Born Paul Wilchin on December 21, 1922 in New York City, Winchell
was a shy child who grew into an entertainer considered by many to
be a master ventriloquist. At age 13, he appeared on the Major
Bowes’ Original Amateur Hour radio show, performing an imitation
of ventriloguist Edgar Bergen and his dummy, Charlie McCarthy. In
1950, Winchell had his own television show featuring his dummy
sidekicks Jerry Mahoney and the dimwitted Knucklehead Smiff.
Winchell supplied the voices for numerous television cartoon series
over a span of more than two decades, starting with The Jetsons
and continuing through such shows as The Perils Of Penelope
Pitstop, Dr. Seuss On The Loose, Wheelie And The
Chopper Bunch, Clue Club, The Smurfs,
Heathcliffe and The Gummi Bears.
In 1968, Winchell was cast by the Disney Studios as the voice of
Tigger in the animated short Winnie The Pooh And The Blustery Day.
He credited his wife for coming up with Tigger’s signature line
“Ta-ta for now!” He also voiced the character in the animated shorts
Winnie The Pooh And Tigger Too! (1974) and Winnie The Pooh
And A Day For Eyore (1983) and the feature length The Many
Adventures Of Winnie The Pooh (1977) as well as numerous
television and direct-to-home video projects.

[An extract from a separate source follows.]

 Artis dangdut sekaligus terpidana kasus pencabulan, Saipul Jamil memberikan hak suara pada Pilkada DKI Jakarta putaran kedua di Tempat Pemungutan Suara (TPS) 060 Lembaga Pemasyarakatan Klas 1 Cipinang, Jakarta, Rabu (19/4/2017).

He also contributed
voices to the Disney animated films The Aristocats (1970) and
The Fox And The Hound (1981).
Outside of early television appearances with dummies Mahoney and
Smiff, Winchell appeared only sporadically on-camera, most notably
in a small role in Jerry Lewis’s Which Way To The Front?
(1970) and in The Man From Clover Grove (1975).